With over a dozen galleries to explore, the Everhart has something for everyone to enjoy!
Museum collections have the power to inspire creativity, motivate artistic expression, and stimulate local pride. Exhibitions are an essential component of the Everhart Museum’s mission. As a regional museum, the Everhart is committed to presenting works and objects that celebrate the cultural heritage and natural history of not only Northeastern Pennsylvania, but also of places around the world. The Everhart invites you to explore the collection throughout the three-story building.
NATURAL HISTORY AND SCIENCE
The Everhart provides of a snapshot of the natural world of the present and the past, locally, regionally, nationally, and globally, through its immense collections of fossils, taxidermy, rocks, and minerals. It was Dr.
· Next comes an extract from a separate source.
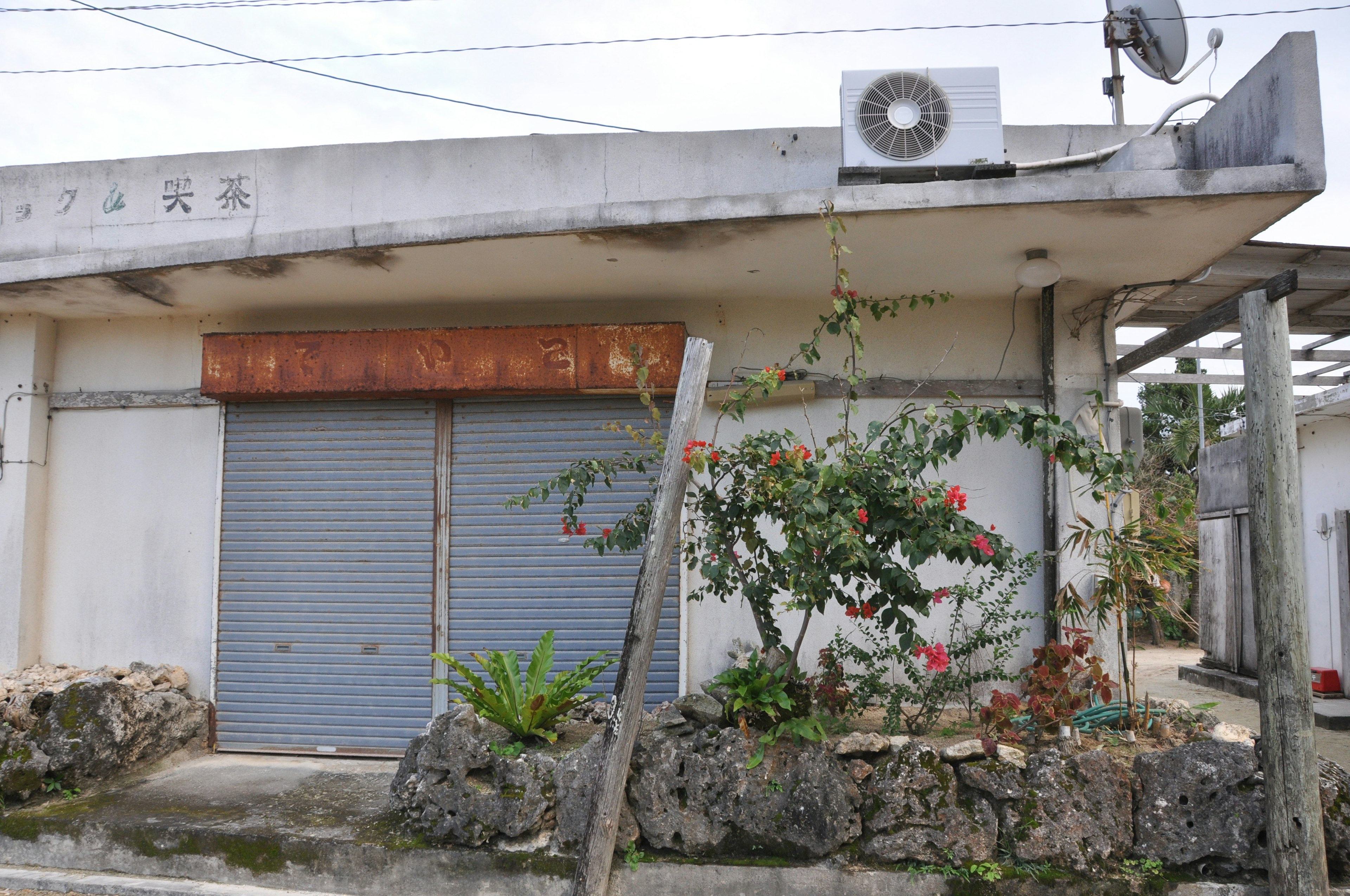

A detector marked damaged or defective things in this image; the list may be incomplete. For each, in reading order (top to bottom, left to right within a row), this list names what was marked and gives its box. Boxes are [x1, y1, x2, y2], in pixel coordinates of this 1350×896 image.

rusty metal sign [202, 322, 686, 399]
rust stain on wall [202, 322, 686, 399]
Everhart’s own assemblage of taxidermied birds as well as other mounted animals and natural history specimens that formed the foundation of the Museum’s original collection in 1908. Many of his own specimens are on view today, over a century later.
The natural history and science galleries include the Rocks and Minerals Gallery, the Fossil Gallery, and the Bird Gallery, which in addition to over 600 preserved birds also contains a selection on mammals, reptiles, and amphibians.
ART AND HUMANITIES
The Everhart Museum exhibits world-class art created by artists from around the world throughout time, fulfilling its mission to facilitate a deeper connection between the communities of Northeastern Pennsylvania and beyond and the world around them.
The Main Gallery on the second floor features a selection of works that tell the story of how the Museum’s collection developed since 1908. The East Wing of the second floor contains four galleries dedicated to regional arts: the John Willard Raught Gallery, the Hope Horn Gallery, the Frederic C. Knight Gallery, and the Dorflinger Glass Gallery. The Everhart has a long history of collecting and supporting regional arts and has amassed a substantial heritage collection. Pieces are changed out in the art galleries often so that the Museum can share more of its collections and there is something new to see with each visit.